Over the last few years, we’ve continued to expand the features of the Pulumi Service - with Deployments, Audit Logs, SAML SSO and SCIM, Teams, Stack Transfers, Favorites, Organization and Team Access Tokens and much more.

While the majority of Pulumi users do choose to use the Pulumi Service, we also know that there are good reasons why some organizations would prefer to use Pulumi IaC alone without the Pulumi Service. And so we support and continue to invest in enabling a variety of additional backends that allow the Pulumi CLI to be used with state stored in the local filesystem or in cloud storage like S3, Azure Blob Storage, or Google Cloud Storage.

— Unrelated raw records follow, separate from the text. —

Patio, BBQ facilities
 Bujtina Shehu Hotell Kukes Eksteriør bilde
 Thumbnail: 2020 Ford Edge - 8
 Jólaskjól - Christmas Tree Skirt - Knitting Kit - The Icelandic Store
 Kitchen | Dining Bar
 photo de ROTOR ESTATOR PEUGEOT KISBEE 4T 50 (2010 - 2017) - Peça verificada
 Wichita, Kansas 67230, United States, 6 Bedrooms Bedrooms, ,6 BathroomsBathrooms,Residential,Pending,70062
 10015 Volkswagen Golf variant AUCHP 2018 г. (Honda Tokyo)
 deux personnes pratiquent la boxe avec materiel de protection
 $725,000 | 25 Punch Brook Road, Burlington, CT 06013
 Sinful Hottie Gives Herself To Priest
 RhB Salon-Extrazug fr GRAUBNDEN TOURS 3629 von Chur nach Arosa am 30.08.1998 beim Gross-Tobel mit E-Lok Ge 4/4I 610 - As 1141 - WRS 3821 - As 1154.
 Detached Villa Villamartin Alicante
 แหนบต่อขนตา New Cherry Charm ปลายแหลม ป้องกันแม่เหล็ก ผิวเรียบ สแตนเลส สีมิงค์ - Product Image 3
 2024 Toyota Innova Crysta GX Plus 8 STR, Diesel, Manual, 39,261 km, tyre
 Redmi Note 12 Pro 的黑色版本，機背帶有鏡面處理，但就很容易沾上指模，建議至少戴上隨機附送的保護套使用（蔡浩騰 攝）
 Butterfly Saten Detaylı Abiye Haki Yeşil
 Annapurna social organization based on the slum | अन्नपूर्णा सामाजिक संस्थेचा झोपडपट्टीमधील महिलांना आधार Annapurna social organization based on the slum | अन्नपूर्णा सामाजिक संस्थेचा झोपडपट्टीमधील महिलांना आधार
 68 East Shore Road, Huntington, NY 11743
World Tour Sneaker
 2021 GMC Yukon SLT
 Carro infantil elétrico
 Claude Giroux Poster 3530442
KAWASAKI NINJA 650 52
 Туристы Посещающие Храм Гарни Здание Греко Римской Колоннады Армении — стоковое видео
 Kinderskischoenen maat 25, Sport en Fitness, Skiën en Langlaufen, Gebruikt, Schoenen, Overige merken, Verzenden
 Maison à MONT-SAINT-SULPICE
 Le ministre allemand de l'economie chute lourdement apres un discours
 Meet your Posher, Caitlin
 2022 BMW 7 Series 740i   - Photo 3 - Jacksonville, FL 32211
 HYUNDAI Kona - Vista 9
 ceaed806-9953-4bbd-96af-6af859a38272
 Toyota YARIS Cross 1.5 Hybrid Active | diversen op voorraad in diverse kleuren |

Historically the Pulumi Service backend and the DIY backend have differed in their handling of “projects”. The Pulumi Service stores state for a Pulumi stack in a seperate namespace per project. The DIY backends have historically stored all stacks in a single namespace across all projects. This inconsistency has been a common source of confusion for users getting started with Pulumi when using the file storage backends.

Today, we are aligning how projects are managed across all backends, adding Project-Scoped Stacks support to DIY backends.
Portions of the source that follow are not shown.